Category Archives: Blackmer

Case Study: Was the Maiden Name of Rebecca, Wife of John Spurr, William King and Isaac Davenport, BLACKMER? – Part 5

It’s make it or break it time, but I found a new resource! Alven Martyn Smith, wrote Three Blackmore Genealogies: William Blackmore of Scituate, Mass., James Blackmore of Providence, R.I., Rev. Adam Blackman (Blackmore) of Stratford, Conn. in 1930. The original manuscript is housed at the New England Historic Genealogical Society in Boston, which is not exactly commuting distance from Tucson. HOWEVER, the Family History Library has a copy of it. I am most grateful to Luana Wentz Darby for doing this look up for me.

Before delving into Smith’s work, I’d like to comment on several methods I often use to crack brick walls, but which didn’t help here.

  1. Family naming patterns can sometimes be a clue as to who fits into which family. The Blackmers, and even John and Rebecca Spurr, did have a pattern – but the pattern was to use more original, less common given names for their children. John and Rebecca named most of their children with names often found in the Spurr family, with the exceptions of Benjamin, Elisha and Eliphalet. Among the Blackmer clan, Joseph named children Willard, Betty, Peter and Hannah. William born in 1699 went with Mary, John, Lemuel, Sarah, Holland, Timothy and Huldah. William born in 1708 had Mary, Lydia, Sarah, William, Ralph, Experience and John. Naming patterns definitely weren’t of any help with this problem.
  2. Often, at least in southern state probates and land sales, the widow/wife has a member of her family representing her interests during estate administrations and/or land transactions. I spent quite a few hours looking for family ties to males involved in John Spurr’s 1784 probate – Badlam, Capen, Trough and others, but found no links to the Blackmer family. I did the same with John and Rebecca’s sparse land deeds – Peirce, Preston, Glover, but again came up empty handed.
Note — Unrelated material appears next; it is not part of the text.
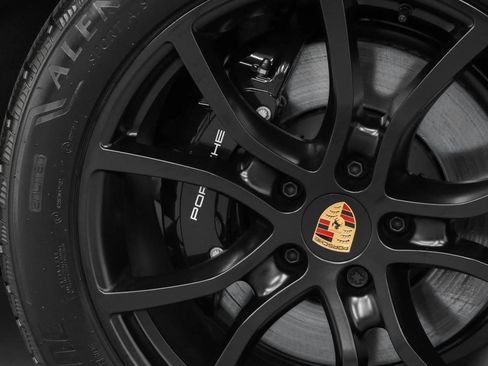 New 2025 Porsche Cayenne image 82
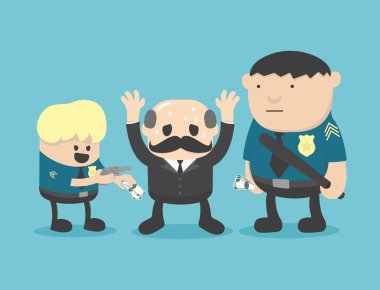 iş adamı tutuklandı yolsuzluk eps.10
After speaking with a reference person at NEHGS, I learned that in Massachusetts probates, it was more common that the court chose people who they knew could be trusted to carry out their duties.
  3. A search was also done into the family of William King and Isaac Davenport. No ties were obvious with any members of the Blackmer family.

Therefore, I have three possible fathers on the docket – William, born 1699, Stephen, born 1704, and William born 1708 – and the Three Blackmores manuscript as my final option.

Does the information in Alven Martyn Smith’s manuscript shed any light on the idea that my Rebecca was a Blackmer?

Well, this was my last hope for tracking down the source of that hint. Unfortunately, that hope was dashed when no mention of Rebecca was made in it.

There are a few missing pieces of this puzzle that might allow Rebecca to fit into the Blackmer family, but I haven’t found a shred of evidence to support the idea. At this point, I will leave Rebecca (MNU) and turn my research efforts towards other branches of the family tree.

I wish this five-part series ended with proof of Rebecca’s maiden name, but sometimes proof just can’t be found.

Case Study: Was the Maiden Name of Rebecca, Wife of John Spurr, William King and Isaac Davenport, BLACKMER? – Part 4

Will the missing piece of this puzzle be found?

Today, in Part 4, we will take more in-depth looks at Peter’s sons – Joseph (b. 1697), William (b. 1699) and Stephen (b. 1704), along with John’s son, William (b. 1708), as they remain on the list of potential fathers for Rebecca (MNU) Spurr King Davenport. 

Much to my chagrin, most all of this research has been of the negative sort, crossing names off a list.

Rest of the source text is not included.